After my recent dive into years worth of The Flash issues from the 1970s and early 1980s, I feel like I’ve come away with a pretty good understanding about what made those issues work, and the specific languages, codes, and signifiers at play throughout that era that have fallen out of favor (and, in many cases, out of use entirely) since then. That last part is a shame; comics as a medium is such a unique blend of words and pictures that I feel like there are multiple tricks that only comics can do that just don’t get used anymore because they’re not fashionable, and it feels… I don’t know, like tying a hand behind your back for no reason, perhaps?
To that end, I realized that there’s so much inside this particular era of Flash comics that, should an enterprising creative team wish to do so, a revival of Barry Allen as the hero inside the costume could literally build a comic just out of reconsidering some of the particular visual iconography of his original run. (No pun intended.) To wit:
- The majority of Barry Allen Flash comics are built around the concept that the cover presents an outlandish situation that requires explanation, and the issue itself solves the mystery of how it happens. (Even if, as is often the case, the cover is not entirely an accurate version of events.) If Wally West Flash comics are straightforward superhero comics, Barry Allen Flash comics are whodunnits, or howdunnits.
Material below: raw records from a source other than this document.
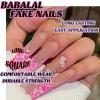 imageBABALAL Long Square Press on Nails Brown Fall Fake Nails Cheetah French Tip Design Y2k Glue ons Nails Heart Pearl Charm Acrylic Nails 24Pcs Handmade Squoval False NailsANB01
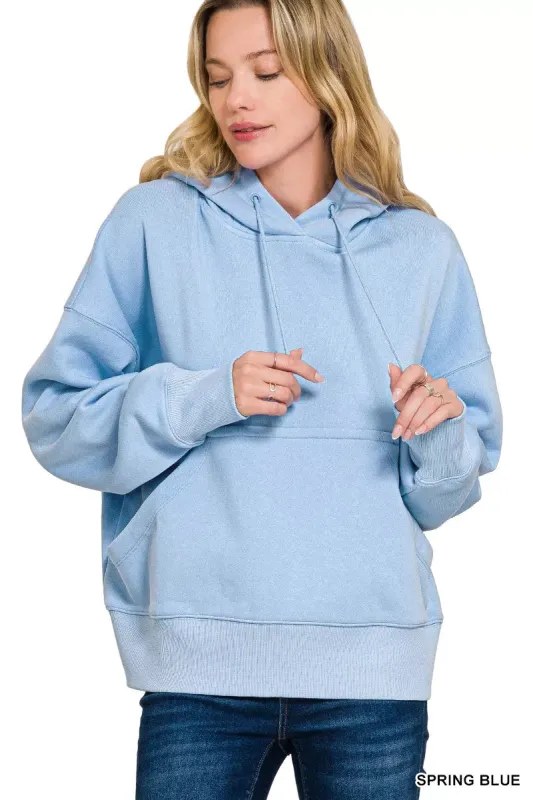 Zenana Oversized Fleece Kangaroo Pocket Hoodie sold by Charming Charlie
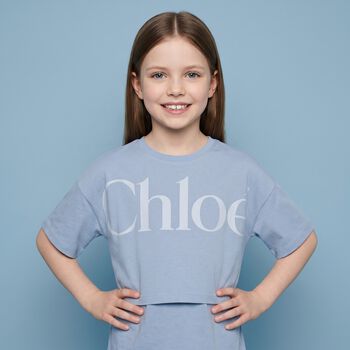 Girls Mini Me Blue Logo T-Shirt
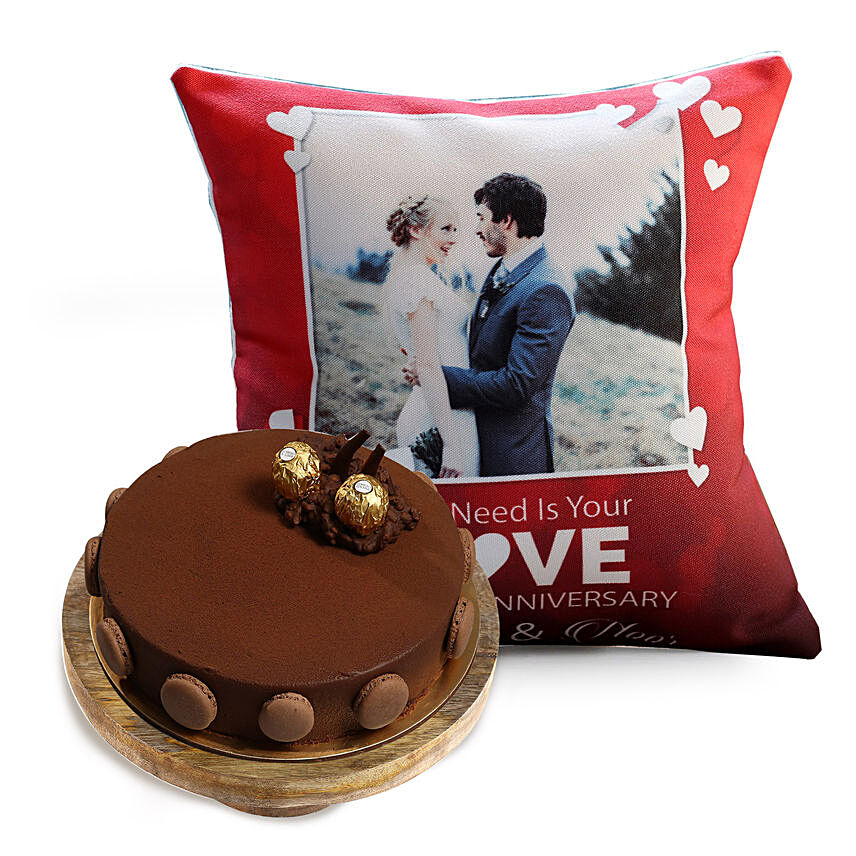 Love Anniversary Cushion and Ferrero Rocher Cake
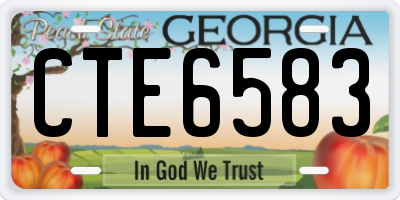 GA license plate CTE6583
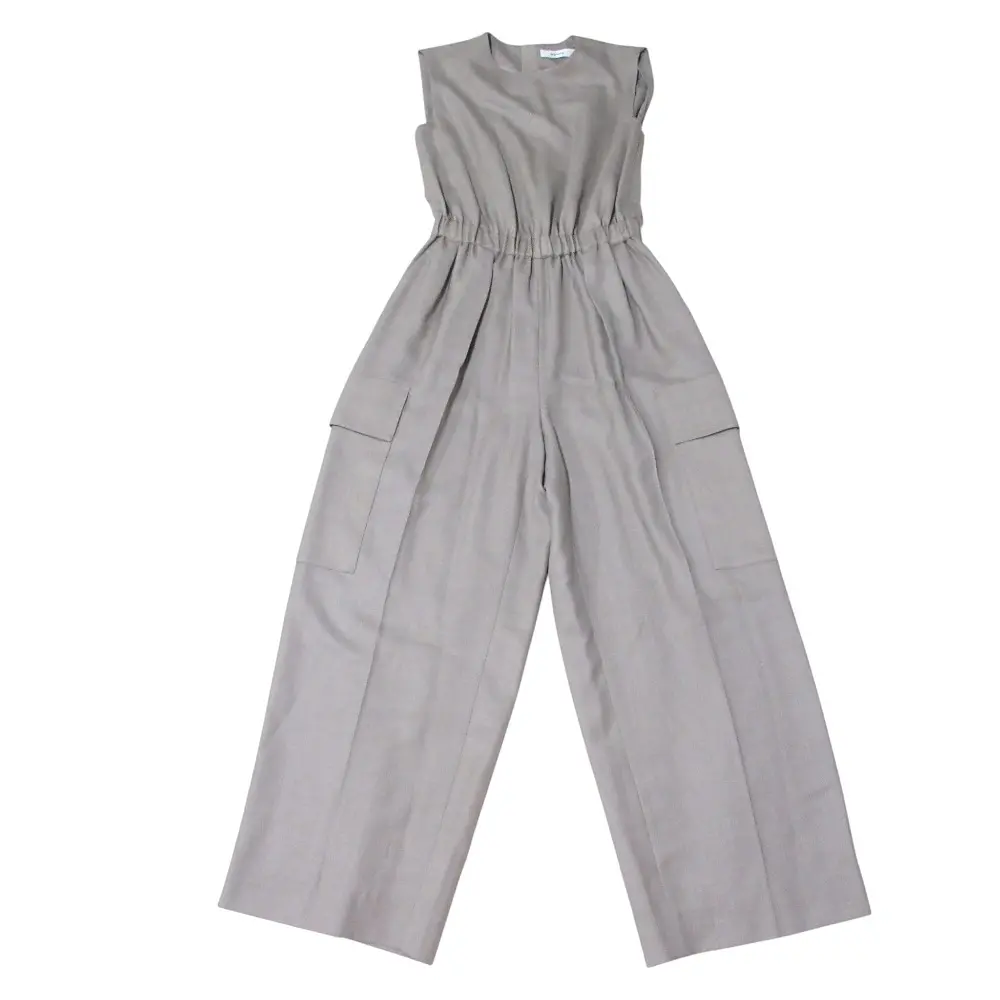 23SS ebure エブール カーゴポケットオールインワン サロペットパンツ 3710300514 サイズ36 グレージュ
They’re mystery stories.
- Unlike most superhero stories, Barry Allen is the adult in the room. His rogues gallery, his work colleagues, everyone else in his life (with the exception of his love interest(s), for some fascinating reason) are all a little kooky and out of there, but Barry is curiously immune: he’s a professional who cares about his friends, his career, his family, and even his hobbies — because, somehow, he actually has hobbies. In revivals, that’s translated into “Barry was a square,” but there’s something more interesting in the idea that Barry holds it together while everyone else… doesn’t.
- For a long time, Flash comics started with a first page that flashed forward in the narrative while setting the scene for the reader and restating the question posed by the cover. It’s a fun trick to introduce the reader to the stakes of the story, and one that also allows for misdirection and/or contextualization that can’t be fit in anywhere else in the issue. Why did this drop out of use?
- For that matter: can we have omniscient narrators back in comics, please? Less first person narration — something that the Wally West Flash comics really popularized back in the ’90s, perhaps ironically — and more third person!
- While we’re at it, why can’t we have caption boxes with hands like this again?
I think what I’m saying is, if I could write fiction, I’d want to write a Barry Allen Flash comic, just to use all these tips and tricks to see what happened.